Yamaha, in conjunction with high-end Chinese furniture maker Mexarts, recently revealed three new digital pianos. These are concept models—you can’t buy them (at least not yet). Their aim is to show new ways in which a piano can become an integral part of a home.
The three instruments, entitled A-Round, Be-Side, and Re-Mind were designed by Sunao Okamura, Masaharu Ohno and Daizo Sato from the Yamaha Product Design Laboratory in Hamamatsu, Japan.
Each design utilises one of Yamaha’s digital pianos as the core instrument. But the objective is to show how these can be transformed into living pieces of domestic furniture. The designers’ brief was to produce instruments that “enrich everyday life”.
With its soft curvaceous shape, the A-Round has a soothing, calming appearance. The natural wood finish in conjunction with the leather key-cover gives the instrument an additional warmth. It instantly becomes the focus in any room. And with its flat top, is like a table around which a family can gather.
With its compact, shallow casework featuring a small, integral side table, the Be-Side is designed primarily for the bedroom. A quick tune to unwind before turning in? A rousing concerto in the middle of the night if you can’t sleep (headphones, please!)?
The dark wood finish is elegantly fashioned to have an updated mid-century modern feel, and the fold-down lid again provides a flat level surface—always useful in the bedroom.
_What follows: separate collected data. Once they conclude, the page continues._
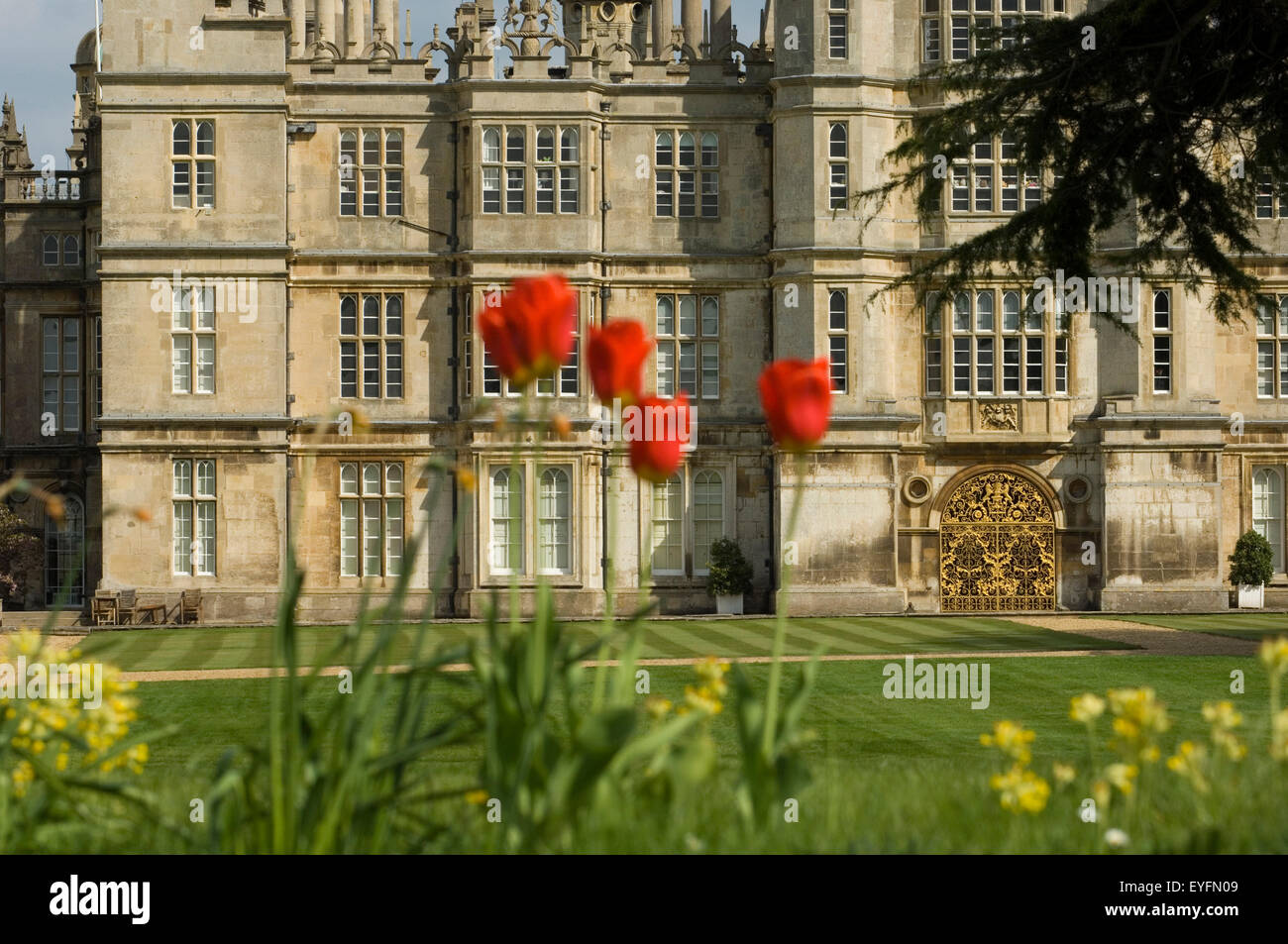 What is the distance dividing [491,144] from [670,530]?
8.95 metres

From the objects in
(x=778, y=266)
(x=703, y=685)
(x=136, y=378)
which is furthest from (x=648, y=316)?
(x=703, y=685)

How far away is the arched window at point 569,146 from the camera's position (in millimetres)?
33312

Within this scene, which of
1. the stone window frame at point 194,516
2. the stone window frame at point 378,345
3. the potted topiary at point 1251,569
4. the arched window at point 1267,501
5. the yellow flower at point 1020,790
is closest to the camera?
the yellow flower at point 1020,790

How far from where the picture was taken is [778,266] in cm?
3338

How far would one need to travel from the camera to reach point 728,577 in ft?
107

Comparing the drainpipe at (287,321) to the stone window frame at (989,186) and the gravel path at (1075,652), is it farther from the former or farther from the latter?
the stone window frame at (989,186)

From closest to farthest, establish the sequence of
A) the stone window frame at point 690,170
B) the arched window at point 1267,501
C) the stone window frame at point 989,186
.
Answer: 1. the stone window frame at point 989,186
2. the stone window frame at point 690,170
3. the arched window at point 1267,501

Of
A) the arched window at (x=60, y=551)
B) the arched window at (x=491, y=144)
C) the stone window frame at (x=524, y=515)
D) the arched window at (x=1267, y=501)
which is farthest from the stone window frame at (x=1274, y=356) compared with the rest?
the arched window at (x=60, y=551)

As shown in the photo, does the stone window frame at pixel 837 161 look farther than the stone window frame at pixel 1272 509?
No

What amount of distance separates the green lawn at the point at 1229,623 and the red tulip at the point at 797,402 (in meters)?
22.6

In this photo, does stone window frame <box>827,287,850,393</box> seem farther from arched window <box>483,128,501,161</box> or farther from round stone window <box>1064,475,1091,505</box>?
arched window <box>483,128,501,161</box>

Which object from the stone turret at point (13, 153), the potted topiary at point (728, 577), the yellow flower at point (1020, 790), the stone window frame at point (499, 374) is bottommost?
the potted topiary at point (728, 577)
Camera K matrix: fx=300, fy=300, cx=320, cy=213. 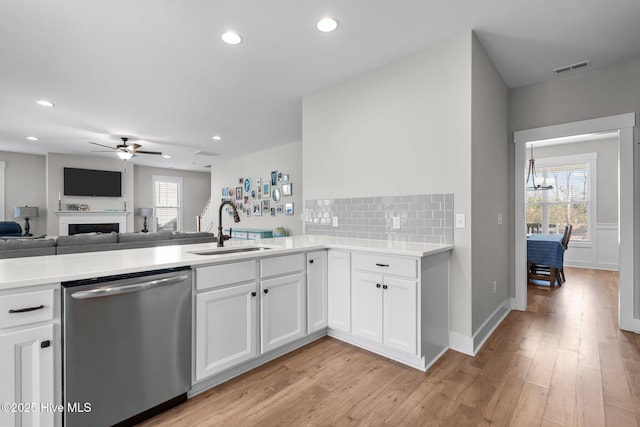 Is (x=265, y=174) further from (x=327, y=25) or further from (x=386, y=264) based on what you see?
(x=386, y=264)

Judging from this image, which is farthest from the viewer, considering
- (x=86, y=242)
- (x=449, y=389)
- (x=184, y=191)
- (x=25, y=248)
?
(x=184, y=191)

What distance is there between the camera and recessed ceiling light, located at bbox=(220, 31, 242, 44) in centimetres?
256

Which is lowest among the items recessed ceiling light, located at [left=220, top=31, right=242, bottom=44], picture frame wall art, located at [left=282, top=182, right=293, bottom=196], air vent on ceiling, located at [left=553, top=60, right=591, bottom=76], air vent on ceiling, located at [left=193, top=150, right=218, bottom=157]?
picture frame wall art, located at [left=282, top=182, right=293, bottom=196]

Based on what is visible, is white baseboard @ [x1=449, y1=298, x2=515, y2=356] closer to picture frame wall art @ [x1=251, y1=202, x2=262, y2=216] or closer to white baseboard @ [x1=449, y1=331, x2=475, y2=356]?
white baseboard @ [x1=449, y1=331, x2=475, y2=356]

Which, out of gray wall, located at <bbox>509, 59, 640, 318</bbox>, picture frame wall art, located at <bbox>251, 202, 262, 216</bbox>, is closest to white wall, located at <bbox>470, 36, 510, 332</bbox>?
gray wall, located at <bbox>509, 59, 640, 318</bbox>

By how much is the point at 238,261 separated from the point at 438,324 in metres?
1.69

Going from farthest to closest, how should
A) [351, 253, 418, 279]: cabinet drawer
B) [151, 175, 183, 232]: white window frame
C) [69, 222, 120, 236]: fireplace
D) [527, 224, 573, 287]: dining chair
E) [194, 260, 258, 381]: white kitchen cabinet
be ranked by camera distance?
[151, 175, 183, 232]: white window frame, [69, 222, 120, 236]: fireplace, [527, 224, 573, 287]: dining chair, [351, 253, 418, 279]: cabinet drawer, [194, 260, 258, 381]: white kitchen cabinet

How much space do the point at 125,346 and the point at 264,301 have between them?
920 millimetres

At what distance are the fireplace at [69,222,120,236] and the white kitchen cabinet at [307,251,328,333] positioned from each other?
7.95 metres

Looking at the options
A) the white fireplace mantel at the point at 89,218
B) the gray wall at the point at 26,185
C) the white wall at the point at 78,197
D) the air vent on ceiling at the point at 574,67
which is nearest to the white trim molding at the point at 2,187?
the gray wall at the point at 26,185

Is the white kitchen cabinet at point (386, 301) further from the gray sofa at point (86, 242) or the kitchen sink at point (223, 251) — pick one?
the gray sofa at point (86, 242)

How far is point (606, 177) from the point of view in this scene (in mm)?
6121

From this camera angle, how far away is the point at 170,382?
1789mm

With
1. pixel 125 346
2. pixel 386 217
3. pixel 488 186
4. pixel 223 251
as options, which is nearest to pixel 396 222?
pixel 386 217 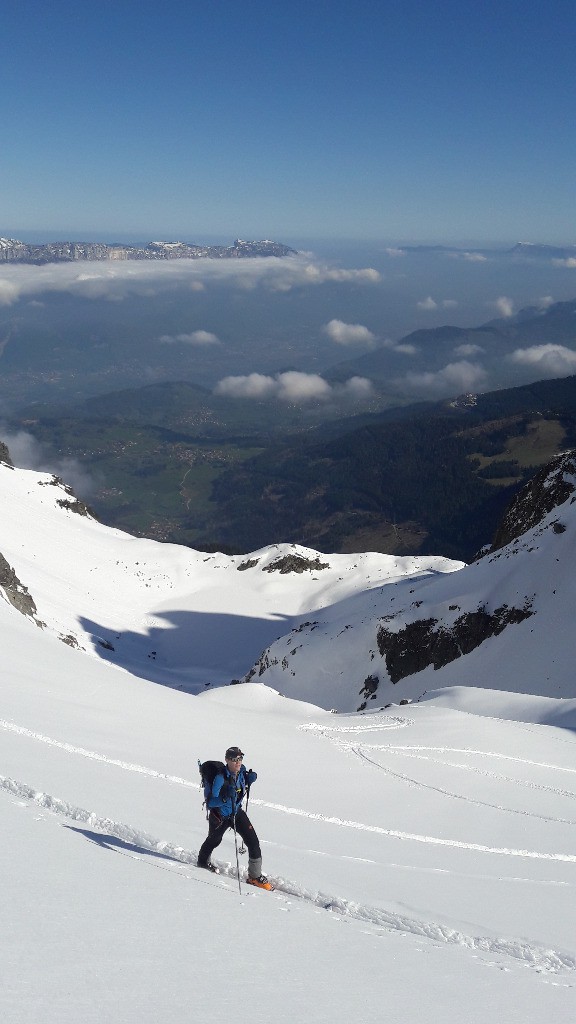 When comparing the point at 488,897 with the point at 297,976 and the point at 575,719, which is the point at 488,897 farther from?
the point at 575,719

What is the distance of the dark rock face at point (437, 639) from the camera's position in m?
52.9

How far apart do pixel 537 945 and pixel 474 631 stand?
153ft

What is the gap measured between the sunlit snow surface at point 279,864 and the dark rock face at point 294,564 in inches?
2624

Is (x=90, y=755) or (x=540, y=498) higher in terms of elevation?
(x=540, y=498)

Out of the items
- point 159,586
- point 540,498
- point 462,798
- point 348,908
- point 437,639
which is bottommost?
point 159,586

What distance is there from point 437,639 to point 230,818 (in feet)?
159

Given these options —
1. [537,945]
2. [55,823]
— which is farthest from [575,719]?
[55,823]

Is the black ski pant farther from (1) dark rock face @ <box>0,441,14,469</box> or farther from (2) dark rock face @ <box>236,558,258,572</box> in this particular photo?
(1) dark rock face @ <box>0,441,14,469</box>

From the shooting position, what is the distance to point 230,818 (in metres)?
9.57

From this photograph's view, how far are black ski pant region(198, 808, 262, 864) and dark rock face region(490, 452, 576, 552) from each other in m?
52.5

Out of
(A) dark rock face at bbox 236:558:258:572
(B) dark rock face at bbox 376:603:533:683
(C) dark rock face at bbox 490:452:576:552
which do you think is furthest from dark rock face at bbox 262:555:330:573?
(B) dark rock face at bbox 376:603:533:683

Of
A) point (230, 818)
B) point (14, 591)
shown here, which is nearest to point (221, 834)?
point (230, 818)

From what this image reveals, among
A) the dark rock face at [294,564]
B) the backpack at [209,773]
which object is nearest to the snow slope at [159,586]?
the dark rock face at [294,564]

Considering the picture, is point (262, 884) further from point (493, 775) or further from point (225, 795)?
point (493, 775) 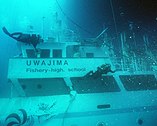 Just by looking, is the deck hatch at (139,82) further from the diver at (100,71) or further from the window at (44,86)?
the window at (44,86)

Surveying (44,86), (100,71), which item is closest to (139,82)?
(100,71)

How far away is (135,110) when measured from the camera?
857cm

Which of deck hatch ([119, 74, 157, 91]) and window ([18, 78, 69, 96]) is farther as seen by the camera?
deck hatch ([119, 74, 157, 91])

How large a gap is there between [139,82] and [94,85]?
2.06 metres

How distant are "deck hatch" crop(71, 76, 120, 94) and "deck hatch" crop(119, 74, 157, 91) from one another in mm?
488

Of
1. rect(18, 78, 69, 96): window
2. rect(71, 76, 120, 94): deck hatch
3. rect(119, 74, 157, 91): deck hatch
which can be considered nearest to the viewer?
rect(18, 78, 69, 96): window

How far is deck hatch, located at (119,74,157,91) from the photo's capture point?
8656 mm

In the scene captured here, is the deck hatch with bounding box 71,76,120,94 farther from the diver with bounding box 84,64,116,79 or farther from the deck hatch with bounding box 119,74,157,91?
the deck hatch with bounding box 119,74,157,91

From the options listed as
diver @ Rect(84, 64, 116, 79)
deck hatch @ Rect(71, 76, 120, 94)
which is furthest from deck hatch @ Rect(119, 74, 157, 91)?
diver @ Rect(84, 64, 116, 79)

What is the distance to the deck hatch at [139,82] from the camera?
8.66 meters

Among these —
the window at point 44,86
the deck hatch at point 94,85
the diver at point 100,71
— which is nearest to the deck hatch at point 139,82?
the deck hatch at point 94,85

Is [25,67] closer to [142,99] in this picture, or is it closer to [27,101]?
[27,101]

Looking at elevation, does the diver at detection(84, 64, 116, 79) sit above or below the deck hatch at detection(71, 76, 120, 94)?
above

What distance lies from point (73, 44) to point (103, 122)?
3484 millimetres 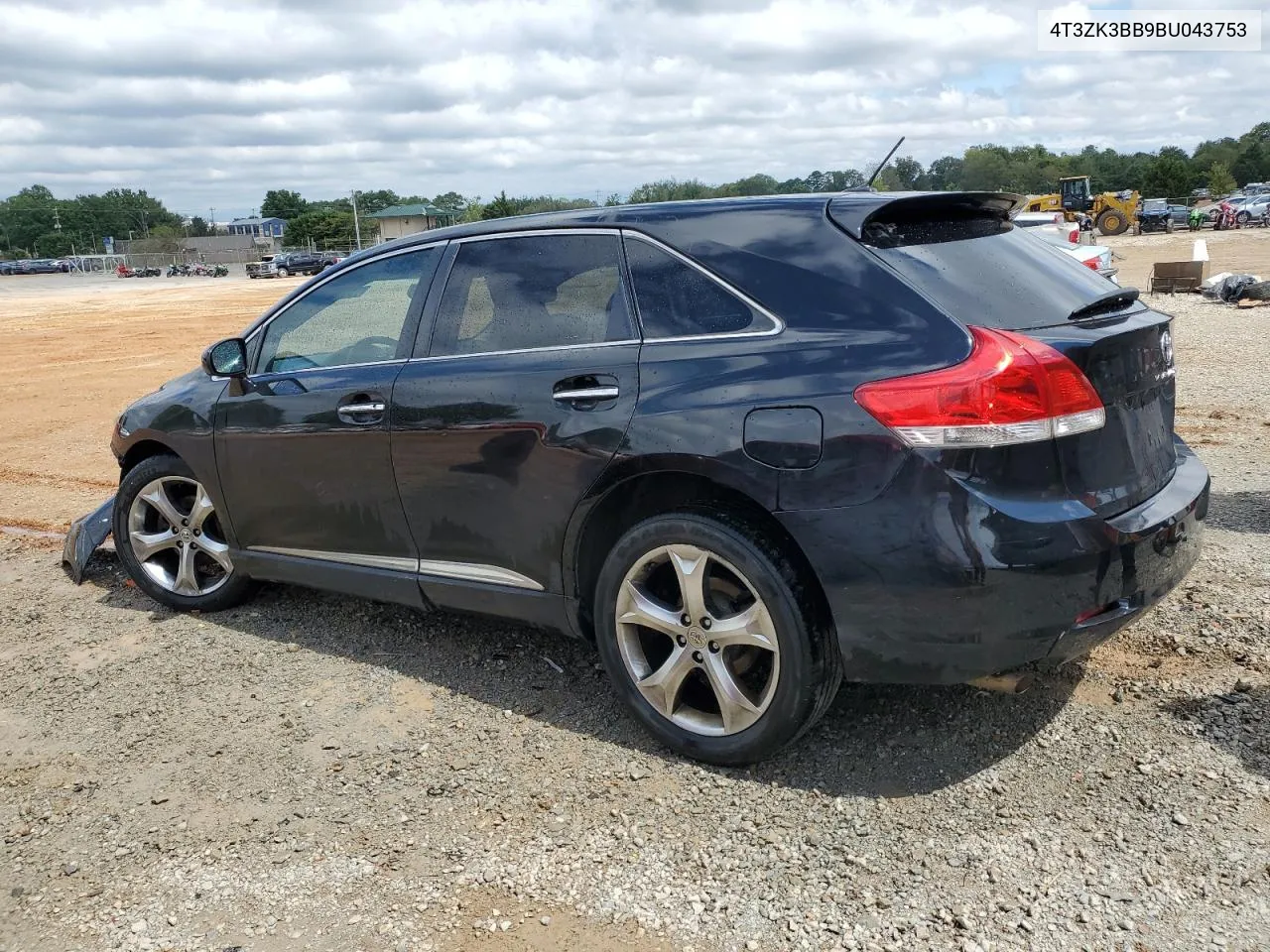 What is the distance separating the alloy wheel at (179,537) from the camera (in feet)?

This instrument gives the impression of being propped up against a wall. Perhaps a homage to the Victorian wall-piano? The look is minimalist. However, it is also very striking.
Two narrow shelves run above the keyboard. Although they could be utilised for sheet music or an iPad, the designers suggest that they could be for family photos, mementoes, etc. This unique design thus evokes both fun and nostalgia.
Awards and Expos
Unfortunately these elegant digital pianos aren’t available to buy, but hopefully, some of their design elements will filter down to the instruments we do see in the shops. Let’s face it, most of today’s digital pianos look very much the same and rather uninspiring at that!
All three digital pianos can be seen at Yamaha’s Ginza Showroom in Tokyo until February 17, 2019.